As is often the case, all that I could think to do was to tell a story.
The summer after my junior year in high school, I spent several weeks putting up ceiling tile in a new showroom at the family lumberyard. I was helping an old carpenter. The ceiling was stripped with 1 x 4 boards. The ceiling tile had to be stapled to the wooden strips. In order to do the job, scaffolding was put in place. The aging carpenter and I had to stretch out on our backs atop a platform within arm’s reach of the ceiling.
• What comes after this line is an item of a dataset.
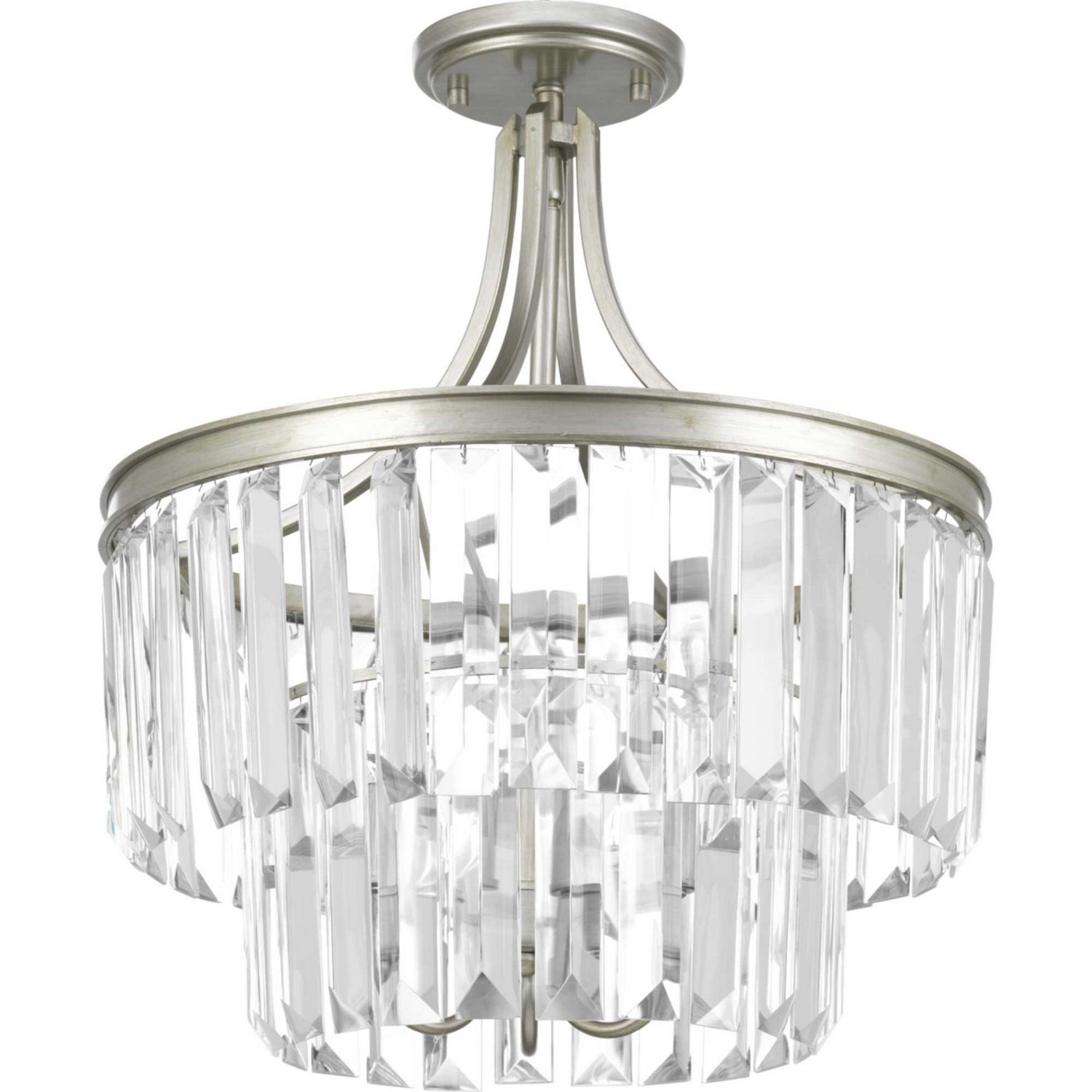 Progress Lighting - P2326-134 - Three Light Semi-Flush Convertible - Glimmer - Silver Ridge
During the three or four weeks that it took to complete the job, I watched this elderly man wrestle with his addiction to alcohol. He started his day with a drink from a bottle that he kept stashed behind the seat of his pickup truck. After about an hour’s work, his hands were shaking so badly that he had to climb down from the scaffolding to get another drink.
Throughout the day, every day, he returned to the bottle. By late afternoon, the smell of alcohol exuded from every pore of his body. His clothing, soaked with sweat, reeked of the sickening sweet smell. Through most of the time that we worked together, I said nothing.
Several weeks later, our project was almost complete. After his last drink of a long workday, the old carpenter climbed back up the scaffolding. I looked over at him and spoke the obvious, “That bottle really has a hold on you, doesn’t it?”
He turned his head, looking at me with glassy gray eyes, “I tell you what, good buddy, if there ain’t no devil, there’s somebody doin’ his work!”
The lumberyard tale was a simple illustration of the concept of cosmic evil. Maybe even Dr. Barth would have appreciated the story. For all of his complicated discussion of Christian theology, his heart’s desire was to make the Christian message simple to understand.
Military officers learn that, as they train their troops, they must remember the acrostic KISS – Keep It Simple, Stupid. This, too, is a cardinal rule for Christian teachers, whether parents, grandparents, Sunday school teachers, or pastors. We must keep it simple.
One reason Jesus taught in parables was to make his message accessible. Simplicity is the most effective way to teach the gospel truth.
On a visit to America, Karl Barth was lecturing at Union Theological Seminary, in Richmond, Virginia. At the end of a lengthy and erudite discussion of Christocentric theology, Dr. Barth paused for questions. A woman in the audience who was not a theologian asked in exasperation, “Dr. Barth, would you please tell me what you believe in language that I can understand?”
The white-headed Dr. Barth took a long puff on his pipe and exhaled. With smoke billowing around his face, he thought for a moment and said, “If I were to summarize all of my theology in one simple sentence, I would say, ‘Jesus loves me, this I know, for the Bible tells me so.’”
To speak truth simply and clearly is a skill to be desired.